The Bates Student - September 25, 1998


No longer a joke, the college's endowment explained

Staff Writer

LANE HALL - What exactly is the endowment? You hear about it fairly often. You hear that it is not big enough, that it is holding Bates down in the rankings, etc. But it is always discussed in vague terms as, depending on who you ask, some gigantic, or not so gigantic, sum of money existing somewhere, controlled by someone, for some reason that has to do with the running of the college.

The endowment is the major financial resource of the college, comprised of the school's assets held in perpetuity. In other words, it is the chunk of money, invested by Bates over an undefined period of time, which is used to cover the college's operating budget.
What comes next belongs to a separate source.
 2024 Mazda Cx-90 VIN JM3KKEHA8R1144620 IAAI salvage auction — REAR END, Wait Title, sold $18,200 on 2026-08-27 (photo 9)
The base of the endowment is created through gifts. Therefore, the largest factor to the growth of the endowment is the size of the new gifts put into it. Tuition goes directly toward operational costs and does not affect the endowment except for the fact that operational costs not covered by tuition are taken out of the endowment.

Bates invests for the long term, under the assumption that Bates as an institution will have no end. The College looks to invest their money in assets as either stocks or bonds which will bring a high total return over the undefined period of time. The breakdown is roughly seventy five percent invested in stocks and twenty five percent invested in bonds.

Bates will spend and reinvest the total return (the interest, dividends, and gains or loses of the endowment ). The idea is that the nest egg will continue to grow and provide for the financial needs of the college.

The equation, for those of you with an interest in the jargon filled world of finance, basically goes like this: the college examines the total return of the sum of all the portfolios (the more portfolios Bates has the more diversified those portfolios are the less likely the endowment will be seriously affected by short term market fluctuation over the long term) against the cost of managing the endowment, inflation, and the amount of money which needs to be spent on running the college.

Ideally, there will be some percentage of the total return left over (called the real reinvestment) which can be reinvested in new stocks, funds, or increased institutional spending.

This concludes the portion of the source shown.